Microsoft Entra password hash synchronization (PHS). The simplest way to enable authentication for on-premises directory objects in Microsoft Entra. Users can use the same username and password that they use on-premises without having to deploy any more infrastructure.

  • Effort. Password hash synchronization requires the least effort regarding deployment, maintenance, and infrastructure. This level of effort typically applies to organizations that only need their users to sign in to Microsoft 365, SaaS apps, and other Microsoft Entra ID-based resources. When turned on, password hash synchronization is part of the Microsoft Entra Connect sync process and runs every two minutes.
  • User experience. To improve users' sign-in experience, deploy seamless SSO with password hash synchronization.
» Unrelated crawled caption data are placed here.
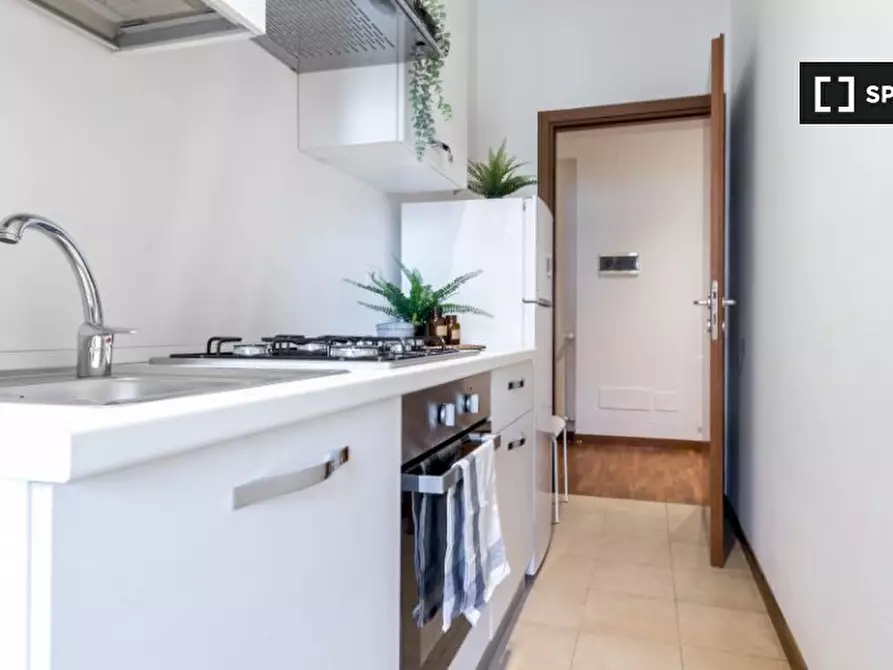 Immagine 5 di Camera condivisa in affitto  in Via Luciano Zuccoli a Milano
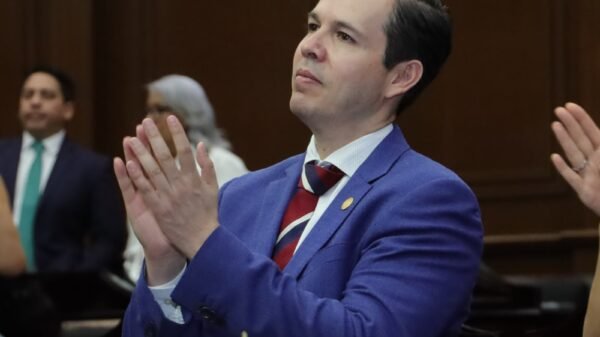 Diputado Alfredo Anaya Orozco hablando ante el pleno del Congreso del Estado de Michoacán durante su Segundo Informe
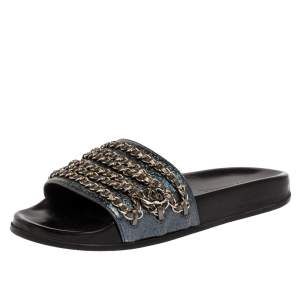 مملوكة مسبقًا Chanel Metallic Blue Holographic Leather Tropiconic Chain Detail Slides Size 39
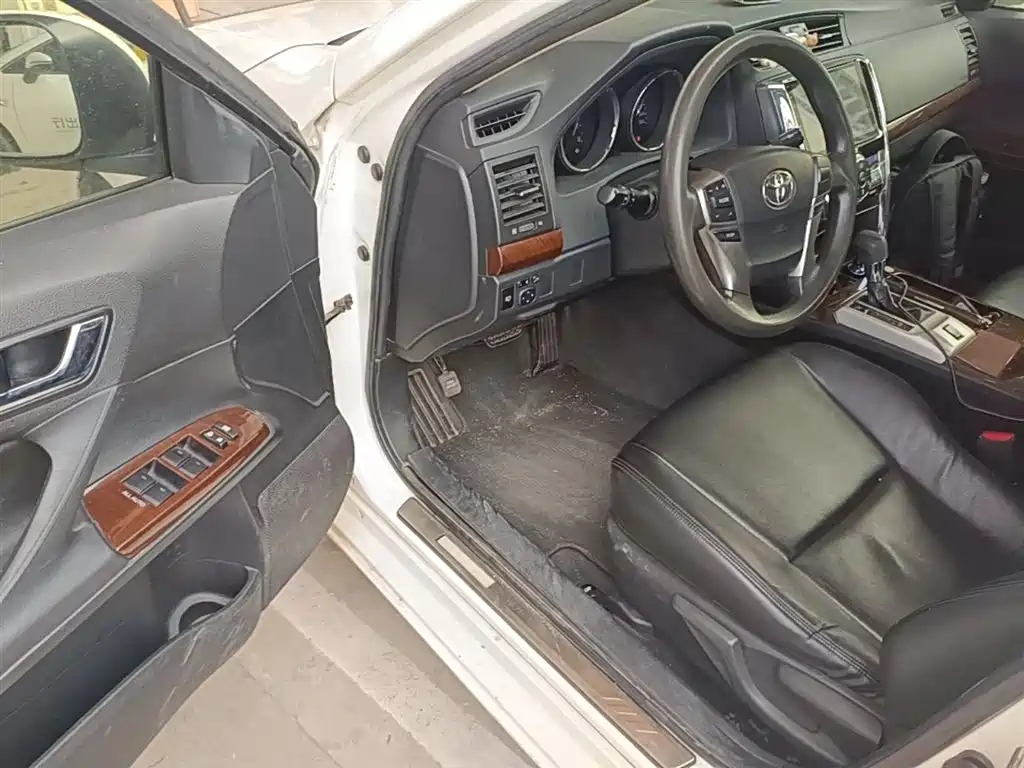 Toyota Reiz 2013 2.5S Elite Edition фото 16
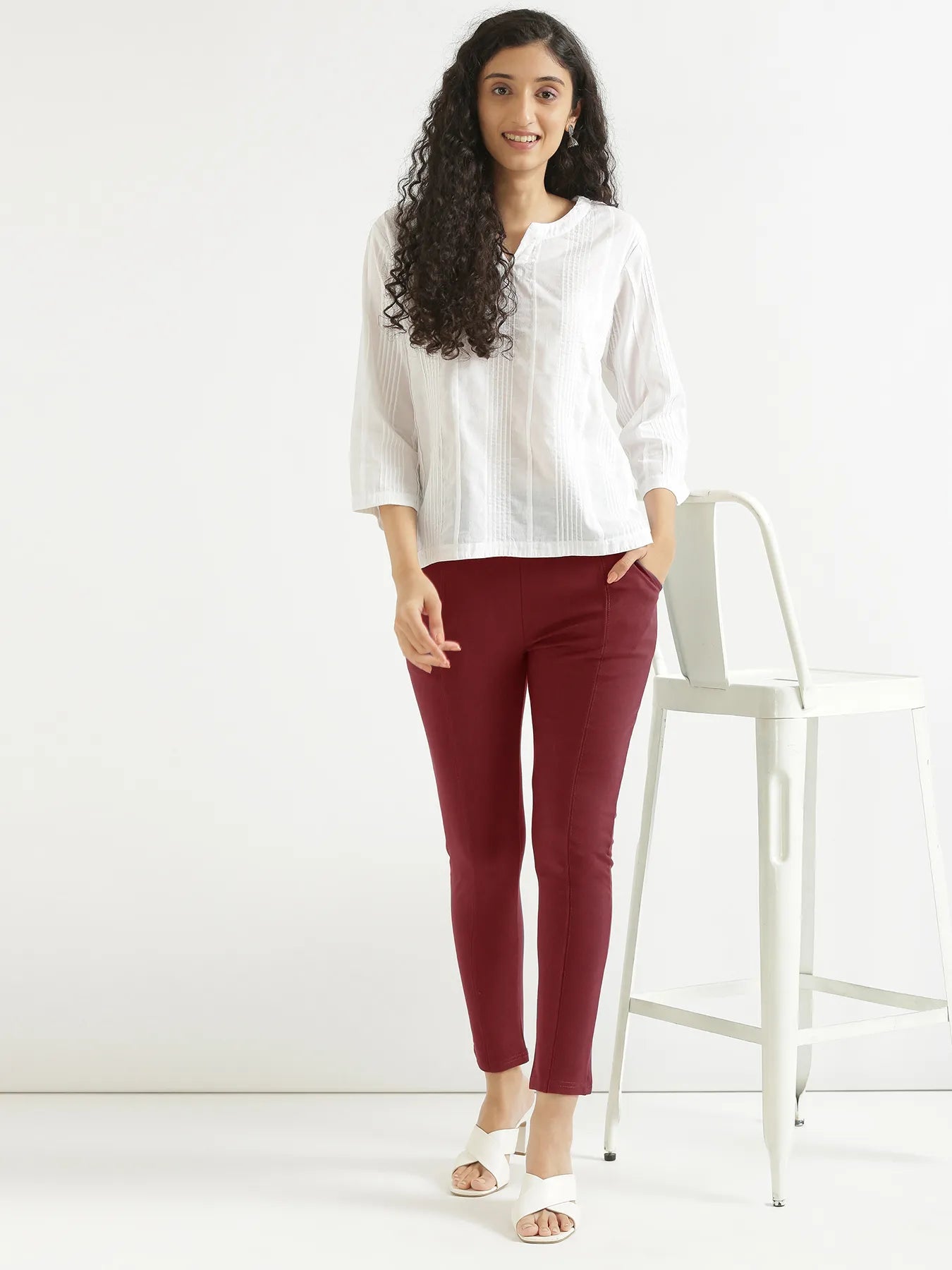 Women Maroon 4-Way Stretchable Pants
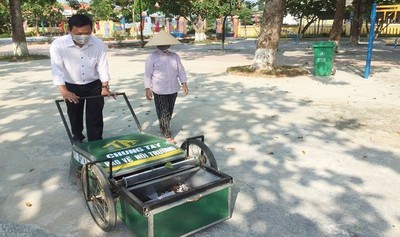 Ấn tượng xe quét và thu gom rác của thầy giáo xứ Huế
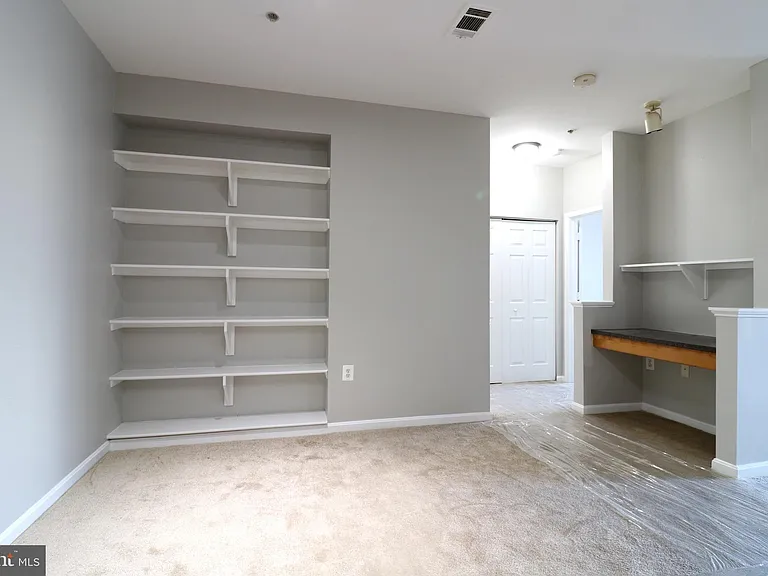 5117 E Travis Edward Way #5117E — Photo 9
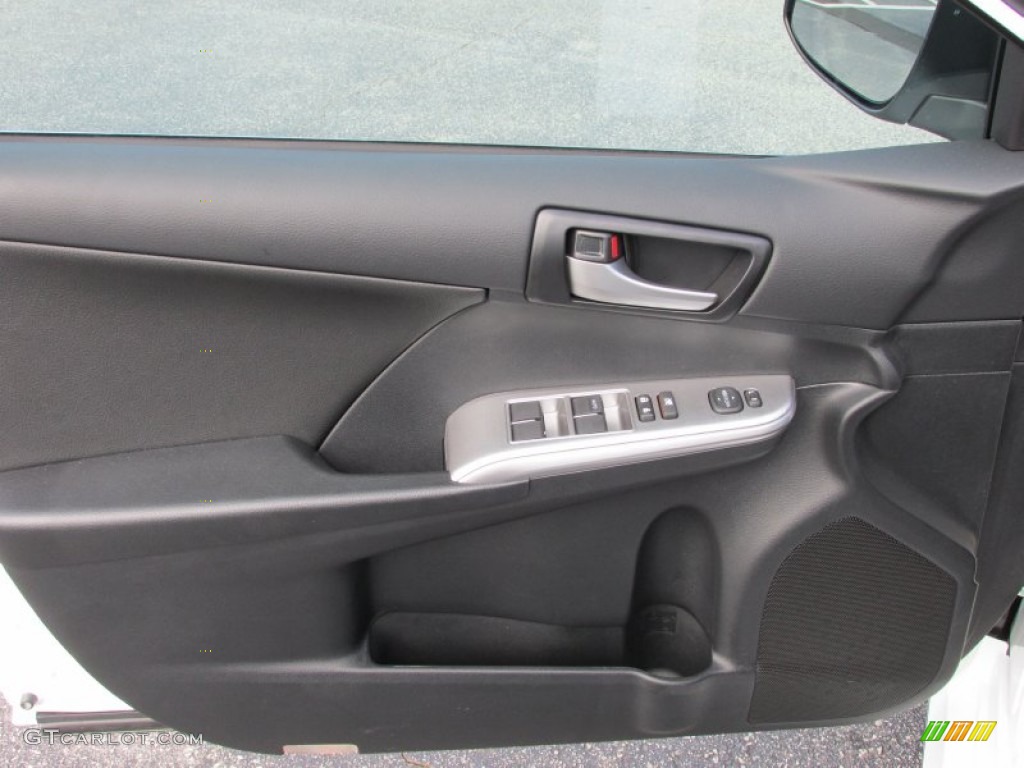 2014 Camry SE - Super White / Black photo #4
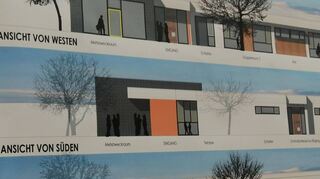 Auf Stellwänden präsentierte das Bensheimer Architekturbüro den Mitgliedern des Sozial-, Kultur- und Sportausschusses seine Pläne für den Krippen-Neubau in der Dr.-Heinrich-Winter-Straße.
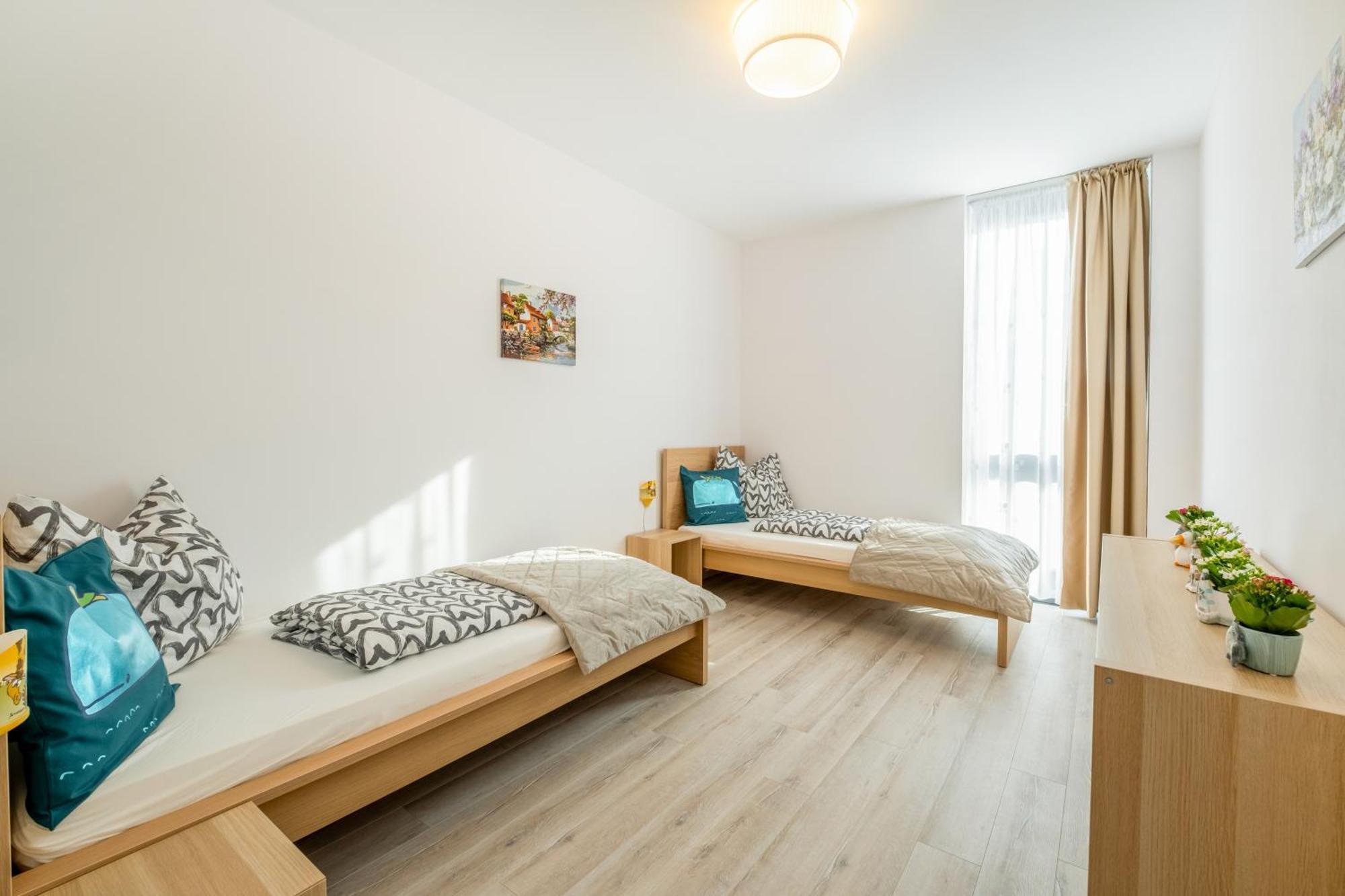 Mf Port Azur Wellness Apartments Шиофок Экстерьер фото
Seamless SSO eliminates unnecessary prompts when users are signed in.
  • Advanced scenarios. If organizations choose to, it's possible to use insights from identities with Microsoft Entra Identity Protection reports with Microsoft Entra ID Premium P2. An example is the leaked credentials report. Windows Hello for Business has specific requirements when you use password hash synchronization. Microsoft Entra Domain Services requires password hash synchronization to create users with their corporate credentials in the managed domain.
  • Business continuity. Using password hash synchronization with cloud authentication is highly available as a cloud service that scales to all Microsoft datacenters. To make sure password hash synchronization doesn't go down for extended periods, deploy a second Microsoft Entra Connect server in staging mode in a standby configuration.
  • Considerations. Currently, password hash synchronization doesn't immediately enforce changes in on-premises account states. In this situation, a user has access to cloud apps until the user account state is synchronized to Microsoft Entra ID. Organizations might want to overcome this limitation by running a new synchronization cycle after administrators do bulk updates to on-premises user account states. An example is disabling accounts.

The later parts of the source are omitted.